Therefore, there has been a recent demand for multi-operative cranes which can be utilized not only for lifting object such as steel bars but also for assisting in the construction operation by enabling control of the position and direction of the objects being lifted. FIG. 16 shows one of these multi-operative cranes comprising a mast 1 erected on the ground, a revolving turntable 2 installed on the upper end of the mast 1 rotatable about a vertical axis, an arm 3 disposed on the revolving turntable 2 for upward and downward movement, and a clutching mechanism 4 attached to an end of the arm 3 for clutching construction elements such as steel bars F.

The arm 3 comprises four arm members 3a, 3b, 3c, and 3d, that are connected to each other to pivot about horizontal axes. These arm members 3a, 3b, 3c, and 3d are pivoted by hydraulic cylinders 5.

With such a multi-operative crane, not only can the mere lifting of steel bars or the like, be accomplished but also objects can be raised with control of their position and direction.

However, the multi-operative crane has the following problems of which it is an object of the present invention to solve:

Usually, for constructing steel framework structures, it is necessary to lift or move the crane depending on the situation of the construction site and the crane has to carry the raising object to the construction site. However, the conventional crane cannot be moved easily and consequently the range of reach of its arm 3 is limited. Therefore, the conventional crane is not always useful depending on the construction situation. Also, considerable cost and time for construction is needed since the components in the construction must be conveyed by lifting stages with a small lift.

Furthermore, another crane must be utilized for moving and assembling the crane. Especially, if another tower-crane is utilized for this, a climbing mechanism only used for the tower crane is needed, so that additional cost is involved.

It is therefore an object of the present invention to provide a crane and a method for using the crane which enable positioning and relocation to be easily achieved.

It is another object of the present invention to provide a crane which is of utility in any step of the constructing operation of steel framework structure.

It is a further object of the present invention to provide a crane and a method for using the crane, which can improve the carrying and installation operation of the elements used in a construction site, so that the cost and the term for construction can be reduced.

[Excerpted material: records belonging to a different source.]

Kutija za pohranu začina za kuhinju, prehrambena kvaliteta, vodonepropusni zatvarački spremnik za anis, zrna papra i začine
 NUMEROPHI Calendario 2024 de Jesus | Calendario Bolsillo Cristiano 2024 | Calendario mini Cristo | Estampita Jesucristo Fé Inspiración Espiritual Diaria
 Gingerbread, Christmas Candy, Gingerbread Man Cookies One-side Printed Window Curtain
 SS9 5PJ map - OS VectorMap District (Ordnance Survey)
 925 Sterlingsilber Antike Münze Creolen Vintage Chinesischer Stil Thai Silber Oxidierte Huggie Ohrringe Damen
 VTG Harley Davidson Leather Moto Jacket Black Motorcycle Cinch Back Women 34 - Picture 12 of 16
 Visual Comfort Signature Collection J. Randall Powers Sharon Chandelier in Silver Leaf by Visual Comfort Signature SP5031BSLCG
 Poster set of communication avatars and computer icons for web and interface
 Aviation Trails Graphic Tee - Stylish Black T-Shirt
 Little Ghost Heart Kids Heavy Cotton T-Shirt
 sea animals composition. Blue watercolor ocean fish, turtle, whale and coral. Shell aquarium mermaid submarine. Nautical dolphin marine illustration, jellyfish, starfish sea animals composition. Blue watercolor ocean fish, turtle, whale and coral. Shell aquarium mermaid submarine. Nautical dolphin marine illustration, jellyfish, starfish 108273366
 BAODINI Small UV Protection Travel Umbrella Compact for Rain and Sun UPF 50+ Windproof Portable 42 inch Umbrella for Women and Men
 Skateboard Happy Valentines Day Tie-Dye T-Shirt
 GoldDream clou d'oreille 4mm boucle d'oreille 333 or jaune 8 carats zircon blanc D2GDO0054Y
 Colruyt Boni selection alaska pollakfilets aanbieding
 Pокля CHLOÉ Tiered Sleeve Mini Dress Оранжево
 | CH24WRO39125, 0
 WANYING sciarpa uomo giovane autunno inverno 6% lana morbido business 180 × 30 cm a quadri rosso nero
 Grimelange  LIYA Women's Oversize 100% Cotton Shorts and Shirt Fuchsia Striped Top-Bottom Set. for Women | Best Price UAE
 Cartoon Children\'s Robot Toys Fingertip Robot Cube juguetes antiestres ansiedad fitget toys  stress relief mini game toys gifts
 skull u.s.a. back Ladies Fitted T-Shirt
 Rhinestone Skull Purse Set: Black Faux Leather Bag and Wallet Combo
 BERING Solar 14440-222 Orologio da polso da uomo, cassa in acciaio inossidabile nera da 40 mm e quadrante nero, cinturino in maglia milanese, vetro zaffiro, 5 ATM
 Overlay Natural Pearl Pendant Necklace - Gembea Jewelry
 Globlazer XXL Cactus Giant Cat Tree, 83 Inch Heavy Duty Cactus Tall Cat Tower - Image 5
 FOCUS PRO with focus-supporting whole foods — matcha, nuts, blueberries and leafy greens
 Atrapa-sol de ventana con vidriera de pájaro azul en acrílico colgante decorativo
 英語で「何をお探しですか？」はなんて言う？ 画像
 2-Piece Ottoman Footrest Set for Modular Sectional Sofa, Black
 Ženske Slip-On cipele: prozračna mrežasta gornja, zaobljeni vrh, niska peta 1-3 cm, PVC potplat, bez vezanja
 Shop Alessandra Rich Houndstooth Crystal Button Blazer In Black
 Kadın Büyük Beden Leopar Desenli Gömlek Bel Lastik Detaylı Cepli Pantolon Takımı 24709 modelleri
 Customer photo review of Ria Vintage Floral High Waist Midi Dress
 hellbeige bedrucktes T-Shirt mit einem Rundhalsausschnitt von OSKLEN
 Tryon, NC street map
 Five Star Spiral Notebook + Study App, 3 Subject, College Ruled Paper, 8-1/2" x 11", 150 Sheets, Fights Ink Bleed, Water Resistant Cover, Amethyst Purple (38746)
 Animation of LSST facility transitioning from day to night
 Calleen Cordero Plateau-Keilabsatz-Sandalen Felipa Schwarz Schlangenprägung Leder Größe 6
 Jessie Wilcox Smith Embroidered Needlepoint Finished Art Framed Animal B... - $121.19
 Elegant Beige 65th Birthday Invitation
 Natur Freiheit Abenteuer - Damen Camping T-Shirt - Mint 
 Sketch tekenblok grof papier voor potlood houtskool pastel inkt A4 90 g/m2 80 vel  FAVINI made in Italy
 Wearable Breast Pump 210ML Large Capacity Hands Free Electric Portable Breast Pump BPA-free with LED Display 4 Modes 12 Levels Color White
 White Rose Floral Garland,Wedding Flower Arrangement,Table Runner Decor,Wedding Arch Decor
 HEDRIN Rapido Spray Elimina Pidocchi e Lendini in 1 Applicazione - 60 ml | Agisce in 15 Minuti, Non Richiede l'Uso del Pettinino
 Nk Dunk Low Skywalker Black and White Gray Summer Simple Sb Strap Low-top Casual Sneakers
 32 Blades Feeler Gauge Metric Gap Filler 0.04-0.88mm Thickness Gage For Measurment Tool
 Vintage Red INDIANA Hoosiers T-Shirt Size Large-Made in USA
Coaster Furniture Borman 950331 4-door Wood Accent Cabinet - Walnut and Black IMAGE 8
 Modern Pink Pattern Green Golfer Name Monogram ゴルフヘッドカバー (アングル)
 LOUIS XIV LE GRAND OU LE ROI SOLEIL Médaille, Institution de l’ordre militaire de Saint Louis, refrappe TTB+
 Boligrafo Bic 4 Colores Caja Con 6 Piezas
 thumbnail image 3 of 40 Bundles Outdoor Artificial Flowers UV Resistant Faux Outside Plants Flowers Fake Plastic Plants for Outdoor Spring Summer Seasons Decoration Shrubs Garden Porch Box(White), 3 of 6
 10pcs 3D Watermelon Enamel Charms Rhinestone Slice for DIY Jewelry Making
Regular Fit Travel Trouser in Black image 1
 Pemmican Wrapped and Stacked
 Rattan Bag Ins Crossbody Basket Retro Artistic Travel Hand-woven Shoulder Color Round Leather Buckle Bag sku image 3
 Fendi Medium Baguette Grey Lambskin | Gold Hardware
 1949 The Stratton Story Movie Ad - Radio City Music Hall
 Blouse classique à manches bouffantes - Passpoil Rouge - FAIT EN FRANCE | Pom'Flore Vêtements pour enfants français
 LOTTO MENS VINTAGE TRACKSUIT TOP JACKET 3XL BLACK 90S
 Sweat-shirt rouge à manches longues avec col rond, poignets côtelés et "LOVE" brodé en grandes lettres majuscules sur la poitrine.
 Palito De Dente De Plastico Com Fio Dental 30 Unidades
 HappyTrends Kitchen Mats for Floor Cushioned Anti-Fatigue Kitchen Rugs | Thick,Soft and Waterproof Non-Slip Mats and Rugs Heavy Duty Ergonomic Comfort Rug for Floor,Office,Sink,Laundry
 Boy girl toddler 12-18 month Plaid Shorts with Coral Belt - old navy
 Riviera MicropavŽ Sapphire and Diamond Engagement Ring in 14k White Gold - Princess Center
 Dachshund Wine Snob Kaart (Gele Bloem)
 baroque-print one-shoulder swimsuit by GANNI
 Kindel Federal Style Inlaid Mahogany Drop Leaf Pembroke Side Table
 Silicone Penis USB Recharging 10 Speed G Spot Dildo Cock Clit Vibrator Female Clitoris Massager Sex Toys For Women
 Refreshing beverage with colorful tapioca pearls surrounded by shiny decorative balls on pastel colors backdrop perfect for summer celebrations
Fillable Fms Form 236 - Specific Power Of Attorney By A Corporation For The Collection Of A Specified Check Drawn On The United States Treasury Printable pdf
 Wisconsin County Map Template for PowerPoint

According to an embodiment of the present invention, the crane comprises a base, a driving body for driving and controlling the crane disposed on the base rotatable in a horizontal plane, an articulated arm attached to the driving body pivotable in a vertical plane, and a clutching means for clutching the construction elements. The arm is folded and extended in a vertical plane. The clutching means is tiltably and detachably connected to a forward end of the arm. The crane further comprises a fixing means tiltably and detachably connected to the forward end of the arm as a substitute for the clutching means. The fixing means is capable of being fixed to the construction, so that the driving body can be moved while the fixing means is fixed to the construction.

In use the crane, the clutching means is detached from the forward end of the arm. The fixing means is attached to the forward end of the arm after detaching the clutching means. The attached fixing means is fixed to a prescribed position of a construction. The driving body is moved to a prescribed location while the fixing means is fixed to the construction. Then, the fixing means is released from the prescribed position of the construction.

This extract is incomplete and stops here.